9/7 Tass 33
ASHGABAT, July 9 (Itar-Tass) — Turkmenistan’s President Gurbanguly Berdymukhamedov said on Friday the country should begin getting ready for the presidential elections in 2012.
“The task facing ministries and sectoral agencies, public organizations and all citizens is to get well prepared for the presidential elections and hold them at the highest level, in an atmosphere of openness and transparency that will prove that democracy is gaining in force,” he said at a government session.
“Much has changed in our country and in the rest of the world since the last elections (in February 2007),” he said. “And I can say with confidence that we have arrived at the presidential elections with an utterly changed mentality and new thinking.”
He said he hailed a multi-party system in the country, which over the 20years of its independence has seen only one party, the Democratic Party led by the president. “We have laid a legislative basis for a multi-party system,” he noted. “However we shall not be in a hurry to arbitrarily create any parties. We shall not support unjustified reproduction of parties. I believe two efficiently working parties enjoying popular support and respect will suffice to ensure competition.”
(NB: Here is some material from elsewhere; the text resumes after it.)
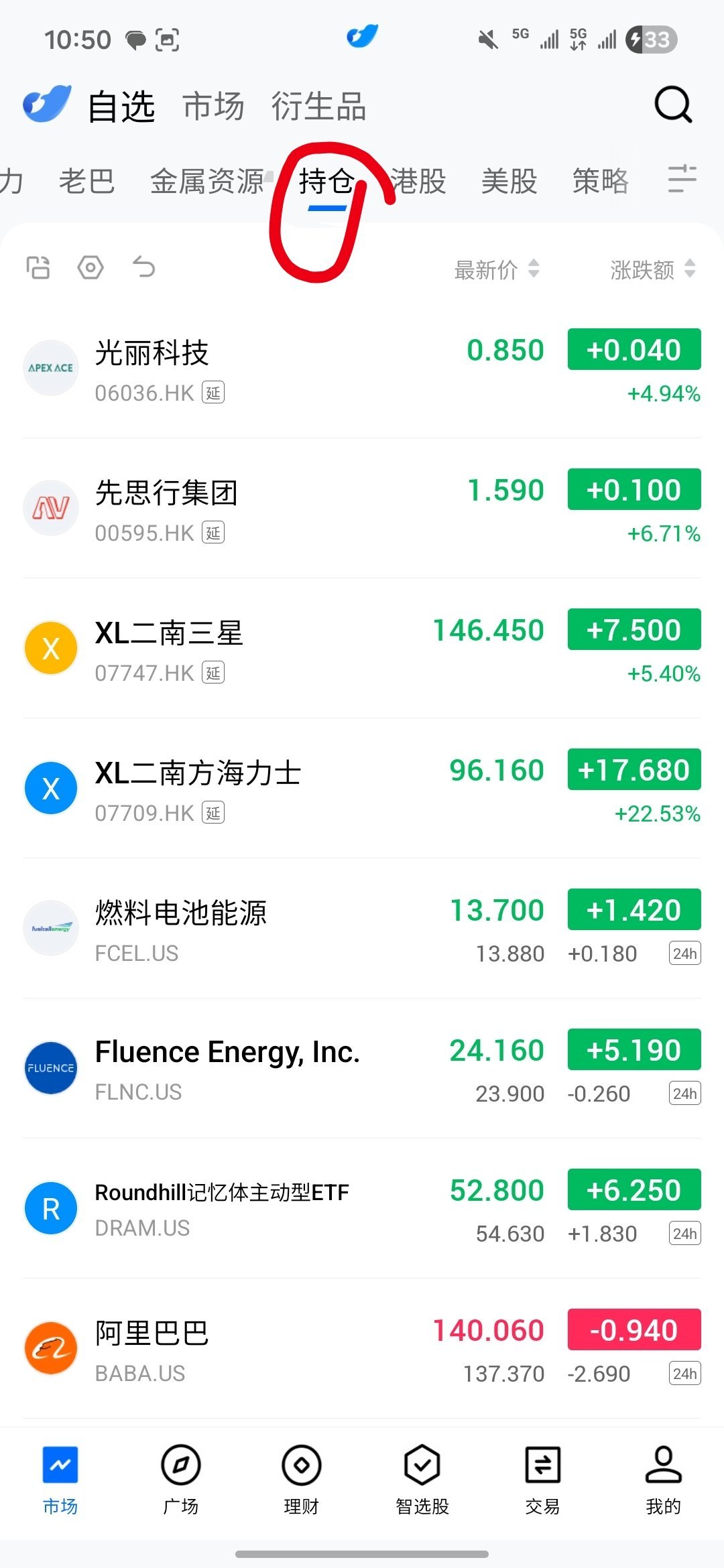 经常看到很多人狂吹自己在投资上多么多么牛逼，分析得多准多准，经常精准在上涨前买入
Berdymukhamedov for the first time openly voiced his stance on the Turkmen opposition abroad. “We are not afraid of cooperation with groups which call themselves opposition,” he stressed. “If any of the opponents want to take part in the forthcoming presidential vote, he can come to the country. I guarantee that they, like other citizens of our country, will enjoy equal possibilities to take part in the elections.”
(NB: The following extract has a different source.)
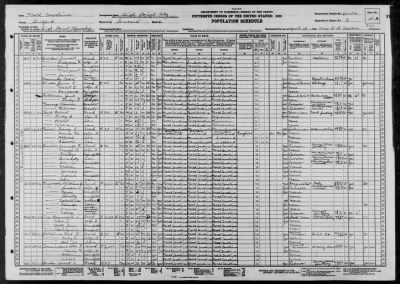 Thumbnail for HIGH POINT CITY, WARD 2 > 41-52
However, it is highly unlikely that any of the opposition leaders will take the challenge. Most of them have been living outside the country for more than 10 years, while the Turkmen constitution says a country’s president shall be “a Turkmen citizen not younger than 40 and not older than 70 years of age, who speaks the state language and who has been permanently living and working in the country for at least 15 years.”